Source records

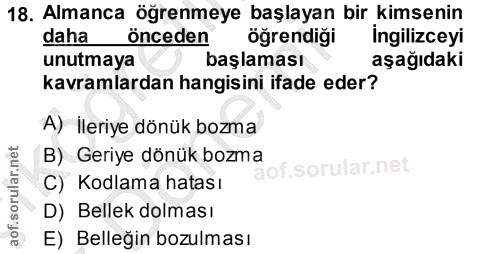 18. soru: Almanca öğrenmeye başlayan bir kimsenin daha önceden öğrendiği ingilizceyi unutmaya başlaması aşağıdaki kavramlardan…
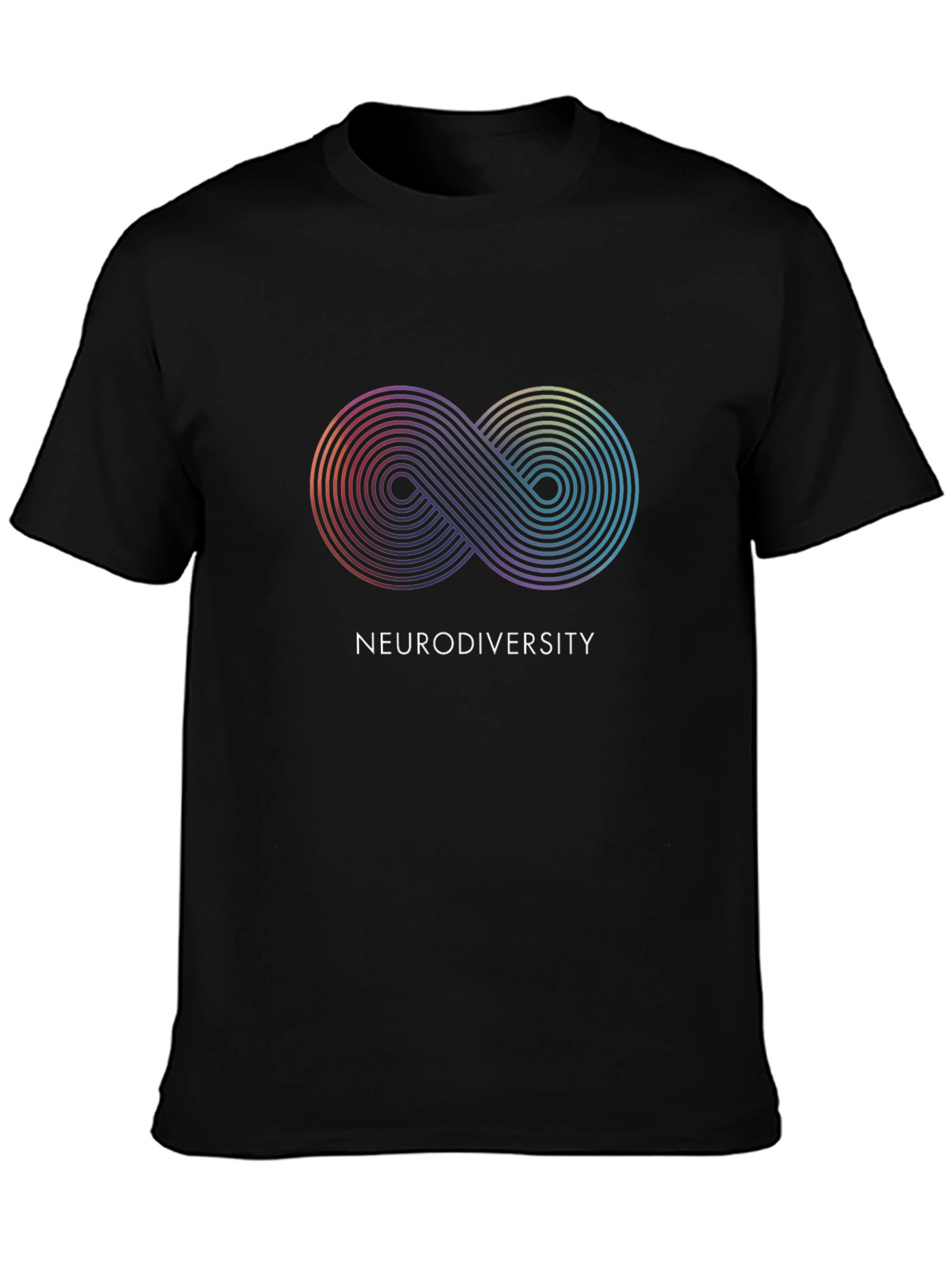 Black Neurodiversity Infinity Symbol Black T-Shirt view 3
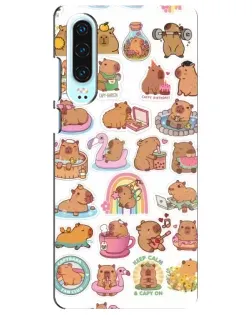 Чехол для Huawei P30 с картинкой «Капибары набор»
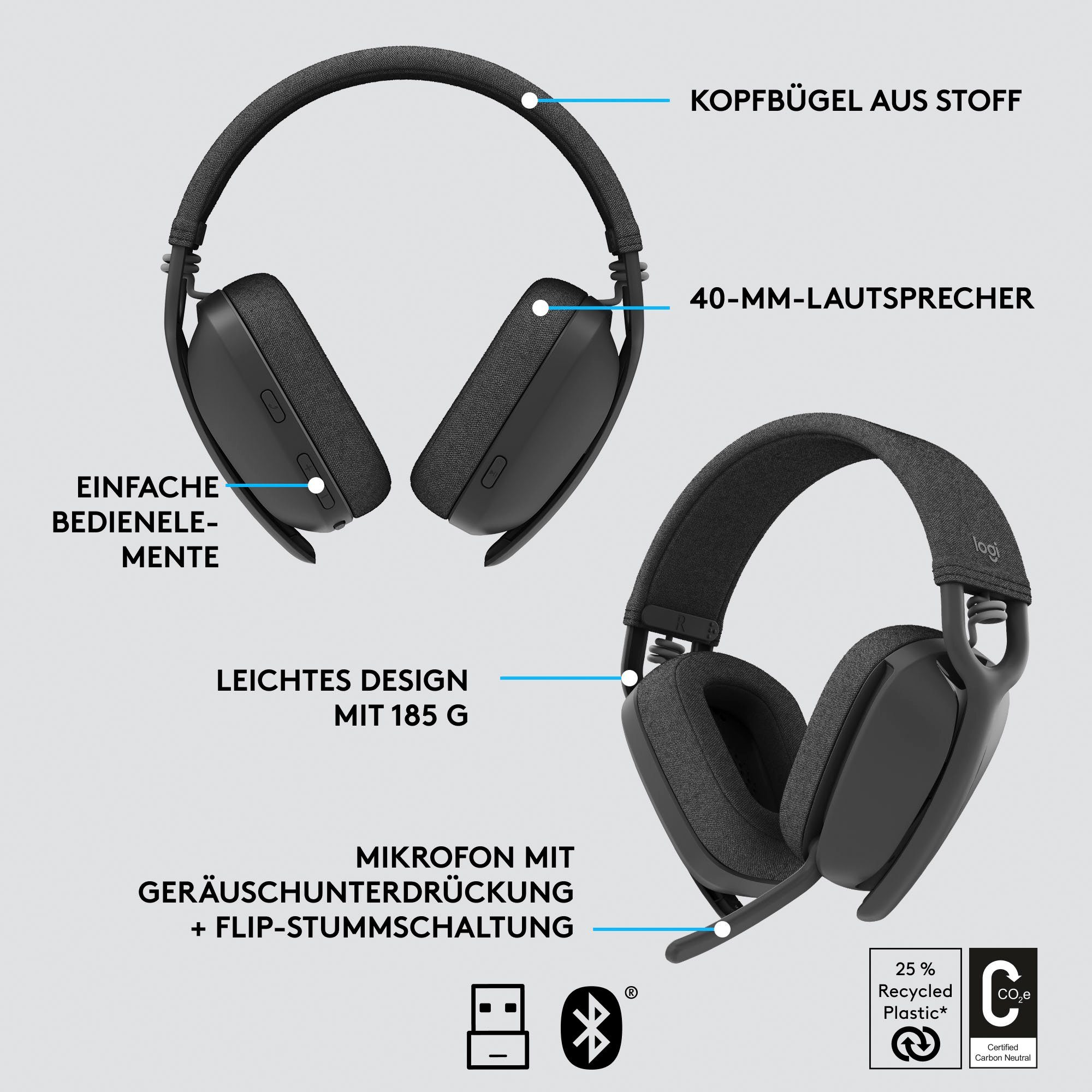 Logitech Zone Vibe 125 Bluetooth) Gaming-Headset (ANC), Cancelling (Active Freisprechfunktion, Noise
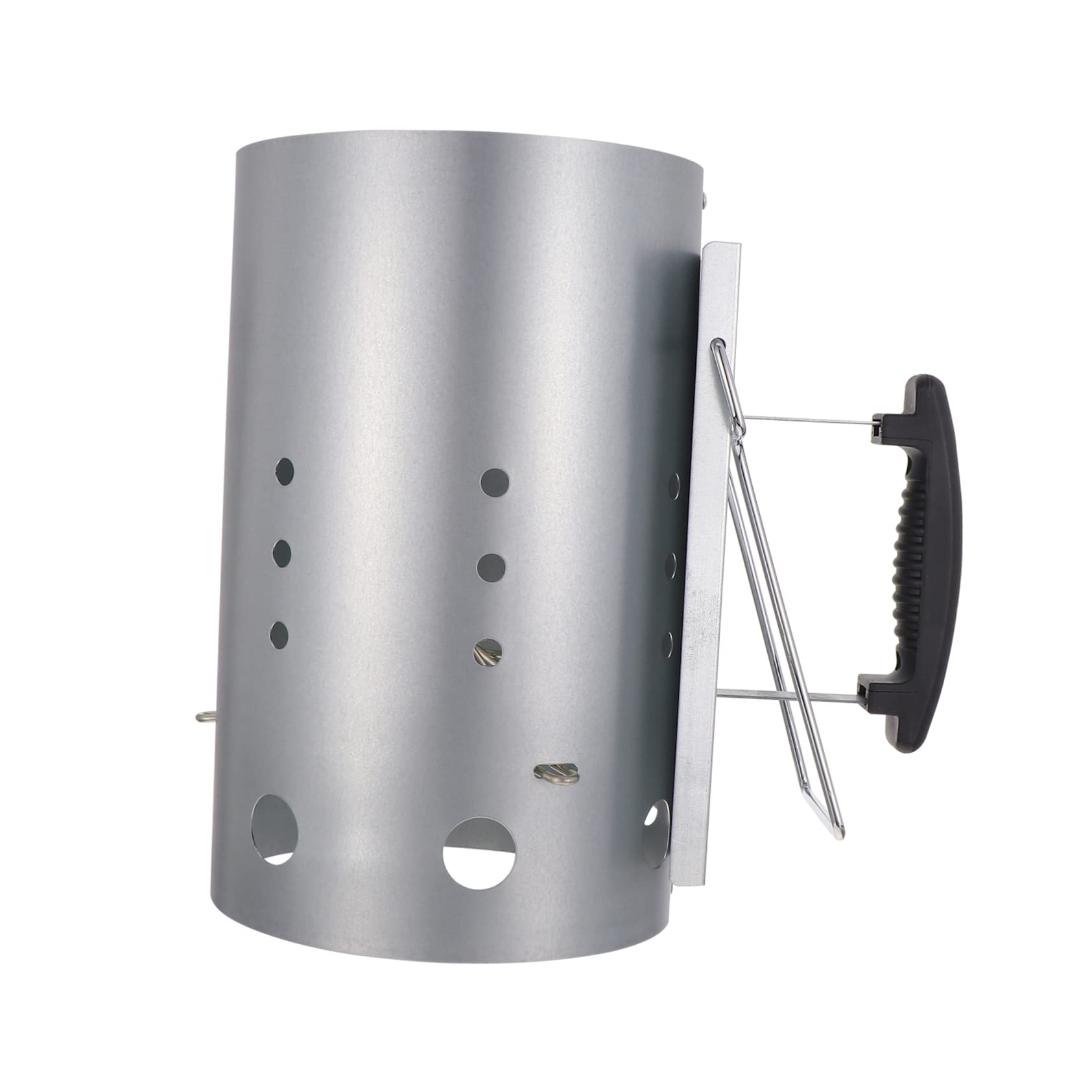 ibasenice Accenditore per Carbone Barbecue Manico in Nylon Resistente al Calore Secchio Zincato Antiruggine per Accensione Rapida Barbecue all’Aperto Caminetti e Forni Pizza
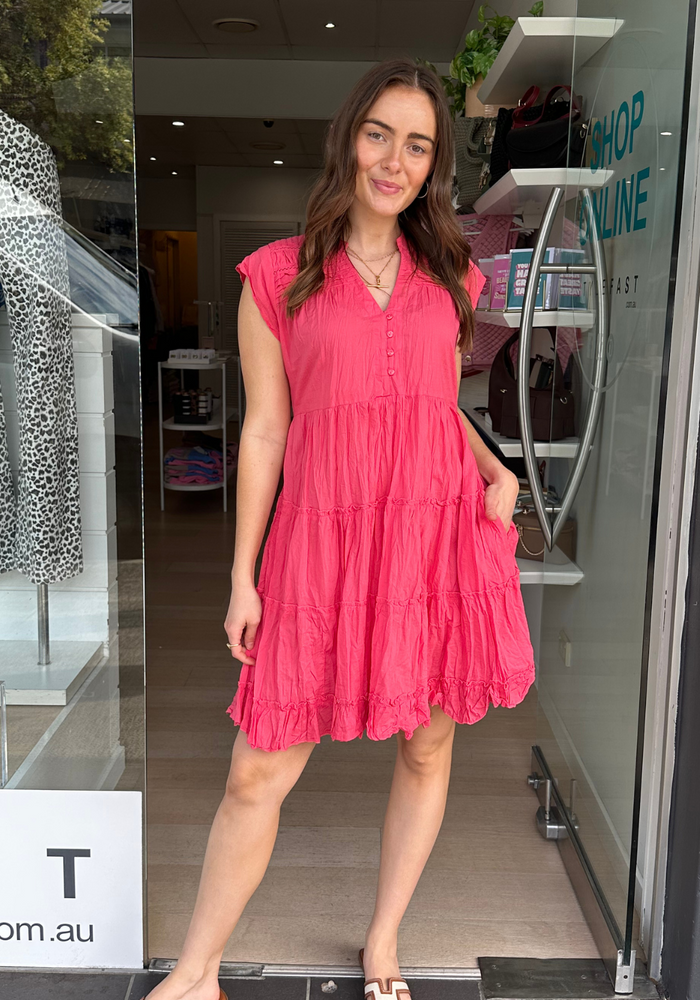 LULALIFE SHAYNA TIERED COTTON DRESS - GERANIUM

| What needs to be done |
The task calls for every line of the data to be returned exactly, without pictures.

| Your solution |
 18. soru: Almanca öğrenmeye başlayan bir kimsenin daha önceden öğrendiği ingilizceyi unutmaya başlaması aşağıdaki kavramlardan…
 Black Neurodiversity Infinity Symbol Black T-Shirt view 3
 Чехол для Huawei P30 с картинкой «Капибары набор»
 Logitech Zone Vibe 125 Bluetooth) Gaming-Headset (ANC), Cancelling (Active Freisprechfunktion, Noise
 ibasenice Accenditore per Carbone Barbecue Manico in Nylon Resistente al Calore Secchio Zincato Antiruggine per Accensione Rapida Barbecue all’Aperto Caminetti e Forni Pizza
 LULALIFE SHAYNA TIERED COTTON DRESS - GERANIUM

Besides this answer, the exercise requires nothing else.